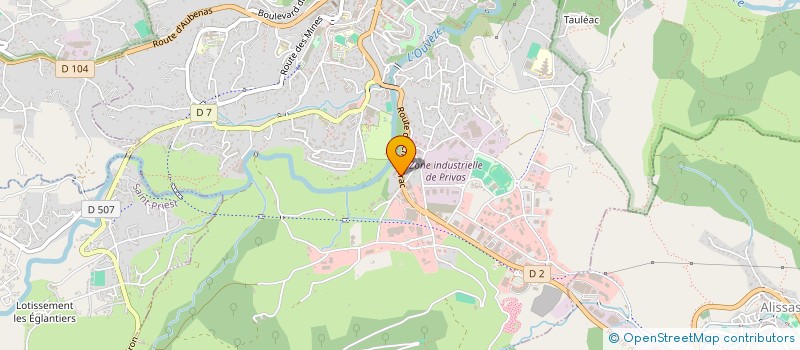 localisation de l'entreprise ELLIMAC à PRIVAS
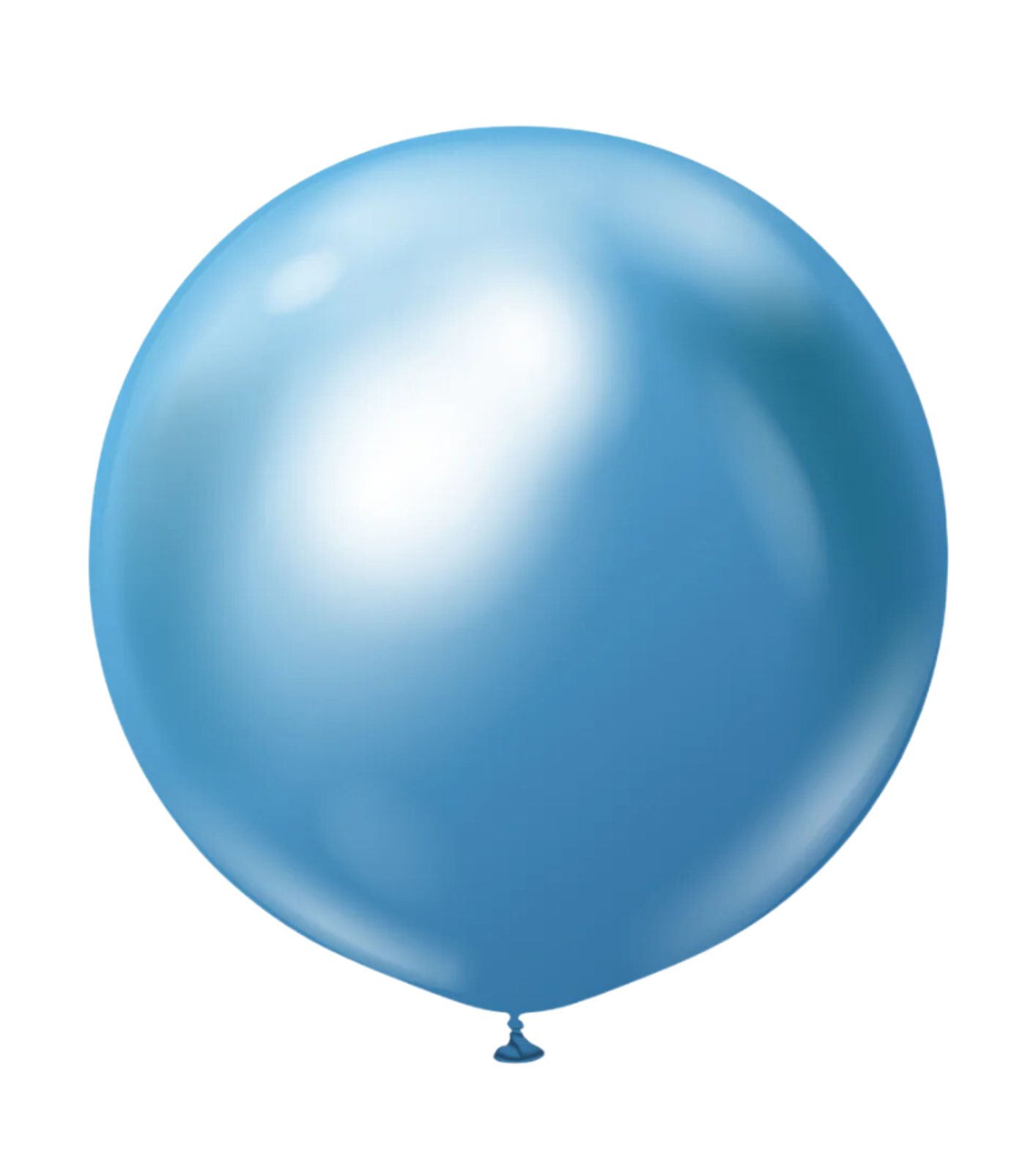 Chrome Blue balloon on a white background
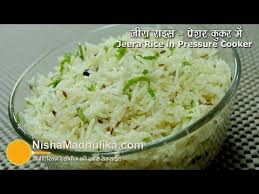 Youtube Jeera Rice Pressure Cooker Rice Curry Dishes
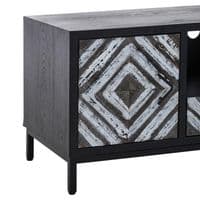 Lombok Black Frame Media Unit - Home Luxe Interior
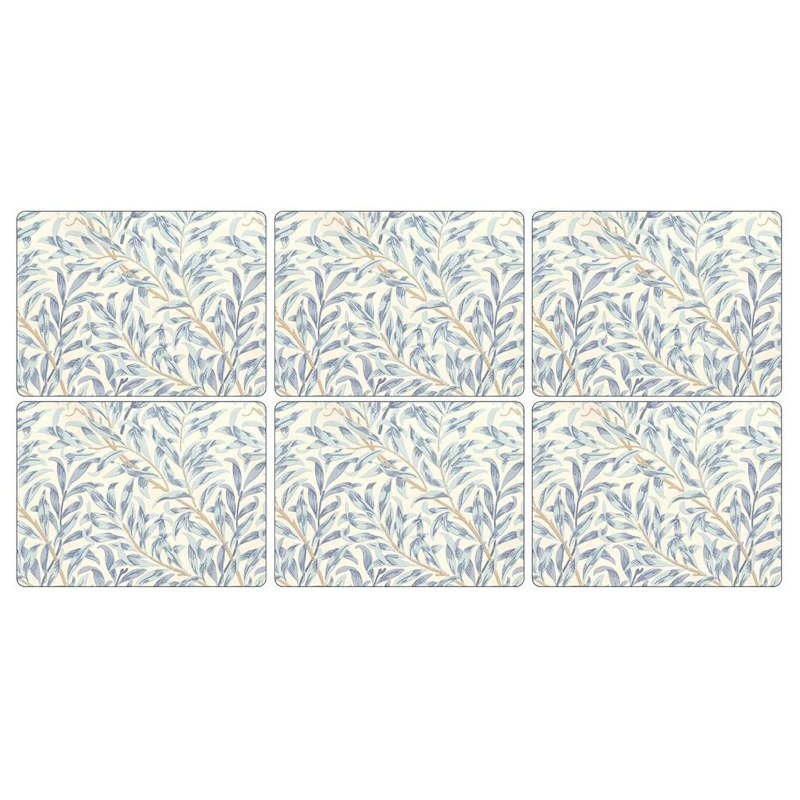 Willow Bough Blue Placemats 23 x 30, Set van 6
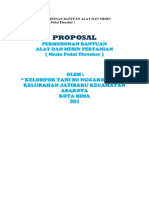 Proposal Permohonan Bantuan Alat Dan Mes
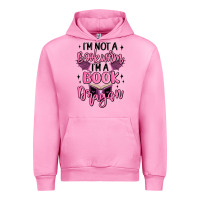 Fuchsia Pink i'm not a booksorm i'm a book dragon Urban Hoodie - MaliasSmallBusiness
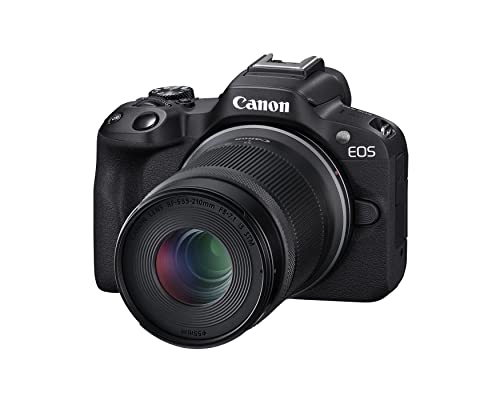 Canon EOS R50 Mirrorless Camera RF-S18-45mm F4.5-6.3 is STM Lens Kit, 24.2 Megapixel CMOS (APS-C) Sensor, 4K Video, Hybrid Camera, Photo and Video, Vlogging, Content Creator, RF Mount, Black
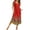 Red, variant on Long Nightgowns for Women House Dress Plus Size Sleepwear Pleated Full Length Loungwear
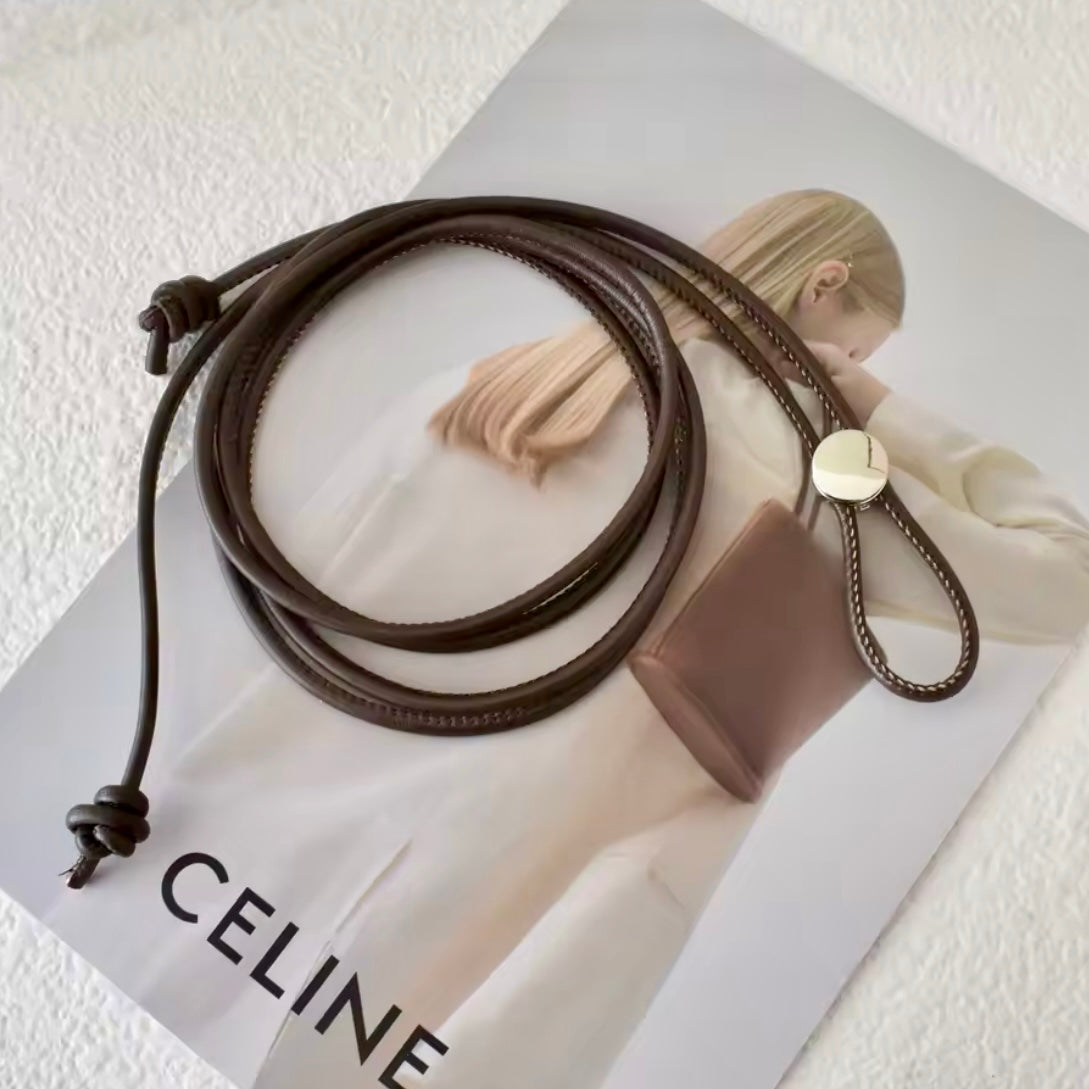 Faux Leather Rope Belt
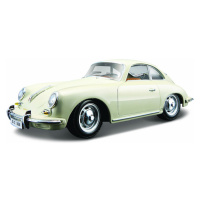 Bburago 1:24 Porsche 356B Coupe (1961) Ivory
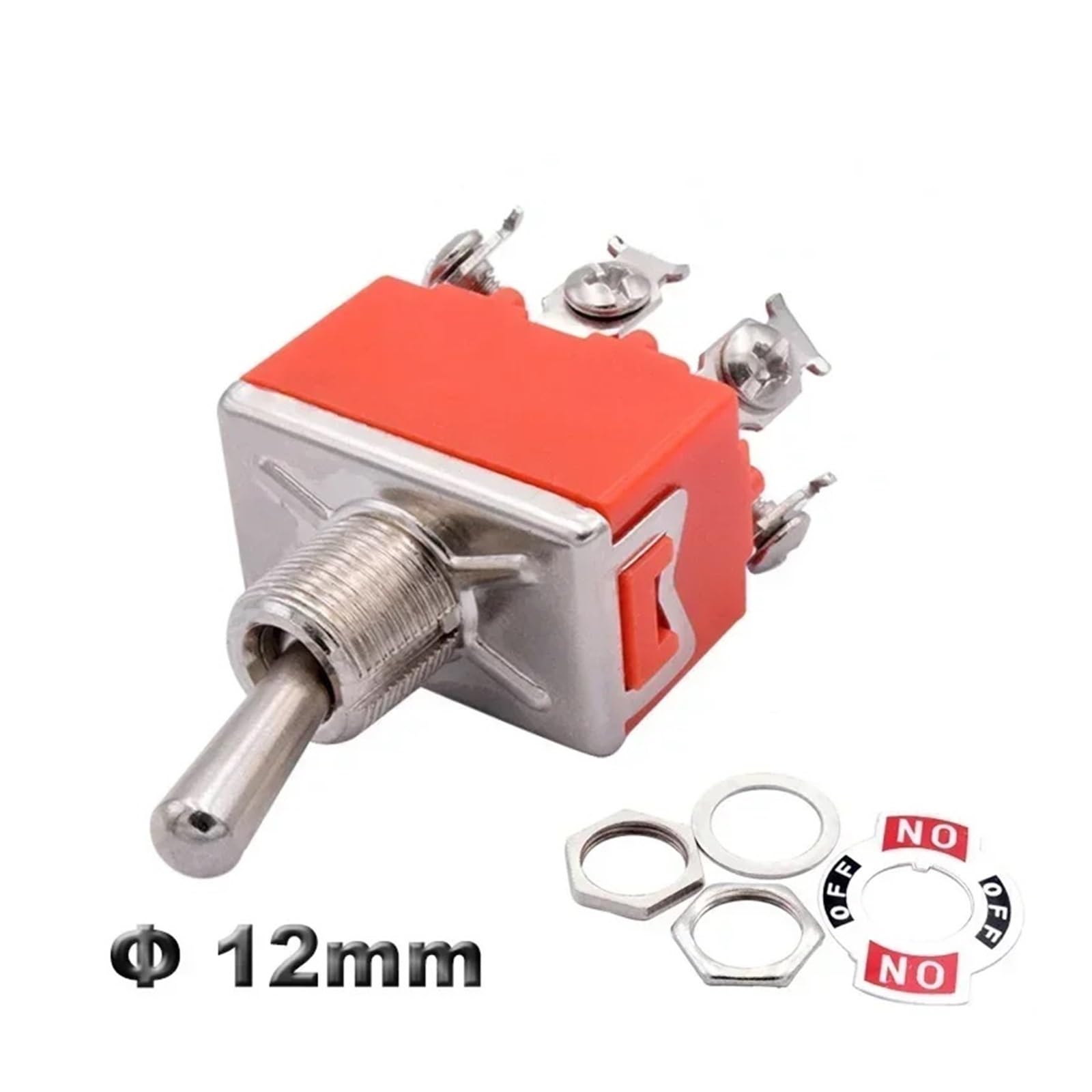5 uds E-TEN1322 1021 1122 1221 1321 interruptor de palanca SPST DPDT 250V 15A 2 3 enganche de posición tapa impermeable(1122S ON OFF ON)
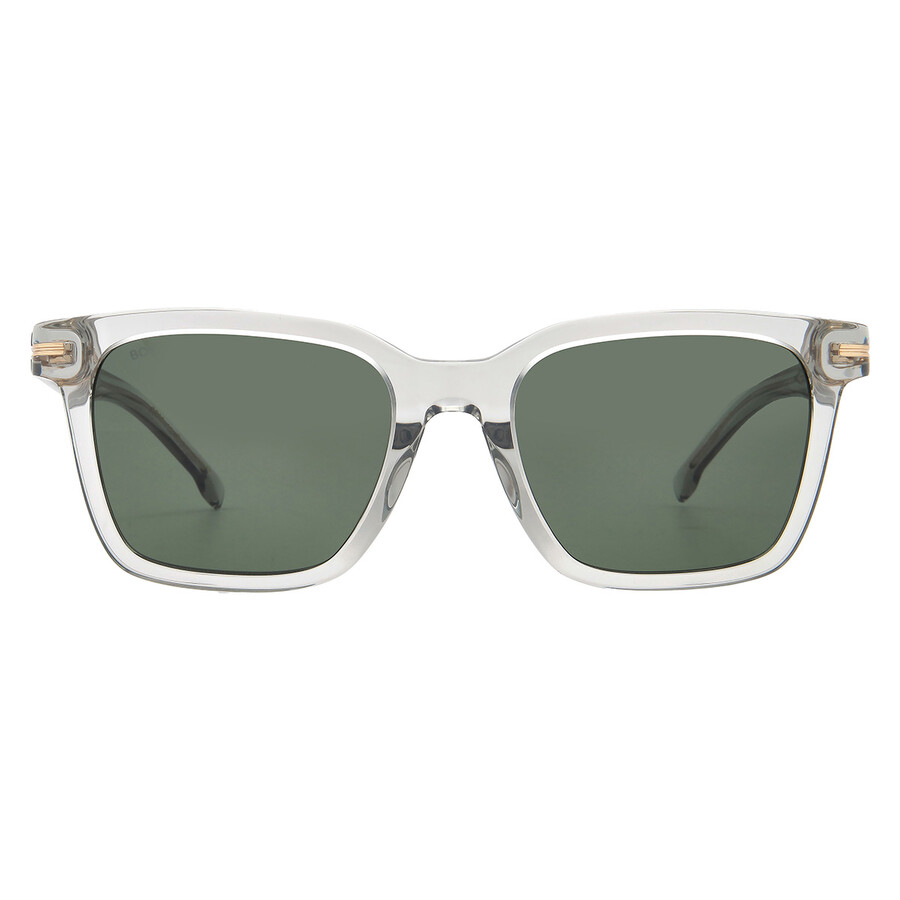 Hugo Boss Green Square Men's Sunglasses Boss 1540/f/sk 0kb7/qt 54 In Multi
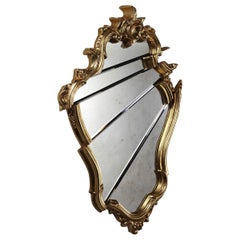 Marchese Wall Mirror with Gold-Plated Wooden Frame by Barberini & Gunnell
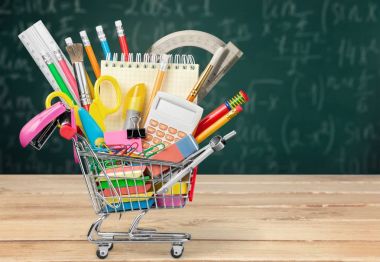 Okul Kırtasiye kompozisyon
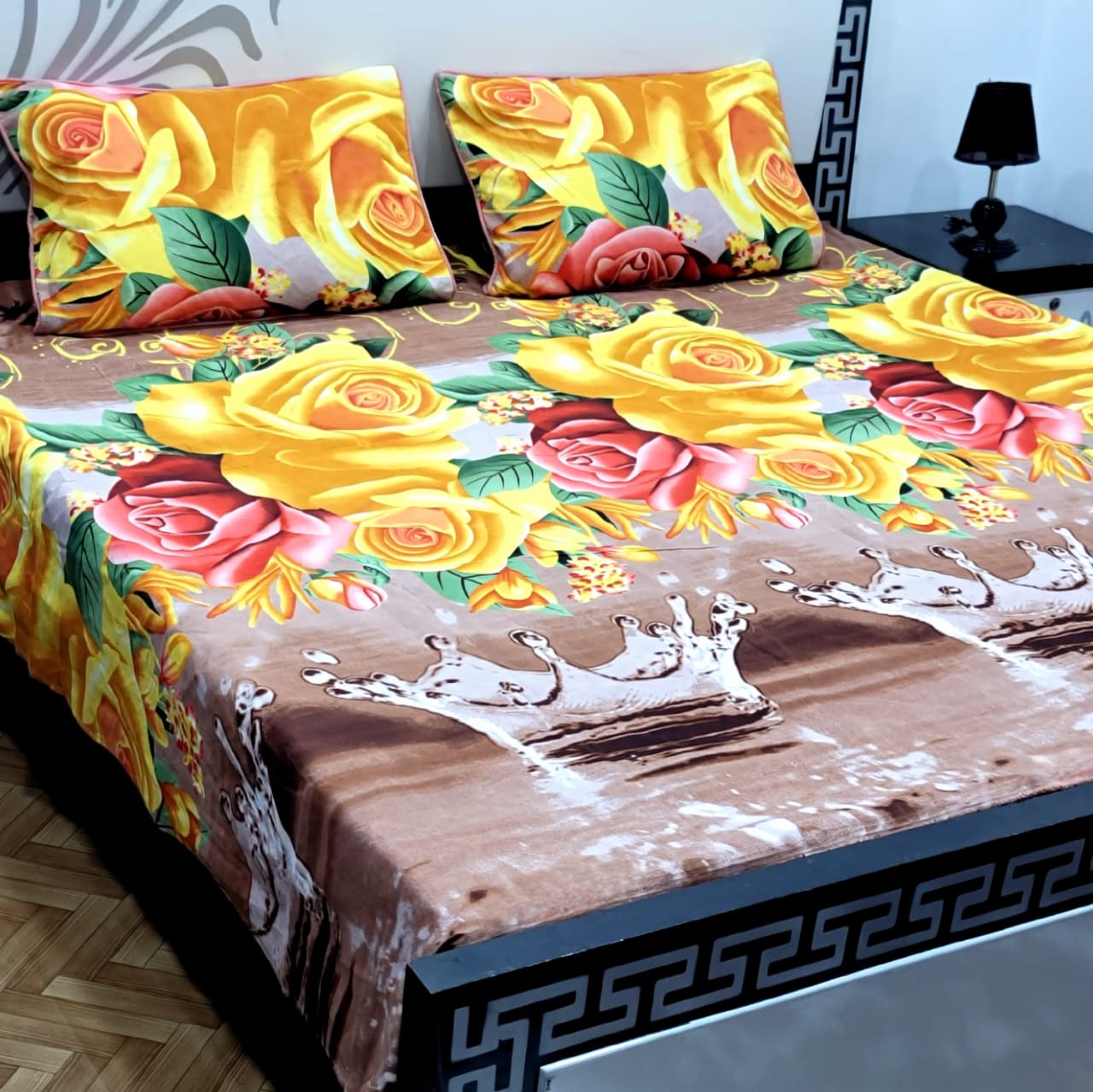 Soft Superior Cotton Printed Bedsheet – Wrinkle-Resistant & Skin-Friendly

◆ ◆ ◆ ◆

What you need to do » Leave the pictures out, and please copy only the lines from the one with "Bburago 1:24 Porsche 356B Coupe (1961) Ivory" through the end of the listing.

Task answer »
 Bburago 1:24 Porsche 356B Coupe (1961) Ivory
5 uds E-TEN1322 1021 1122 1221 1321 interruptor de palanca SPST DPDT 250V 15A 2 3 enganche de posición tapa impermeable(1122S ON OFF ON)
 Hugo Boss Green Square Men's Sunglasses Boss 1540/f/sk 0kb7/qt 54 In Multi
 Marchese Wall Mirror with Gold-Plated Wooden Frame by Barberini & Gunnell
 Okul Kırtasiye kompozisyon
 Soft Superior Cotton Printed Bedsheet – Wrinkle-Resistant & Skin-Friendly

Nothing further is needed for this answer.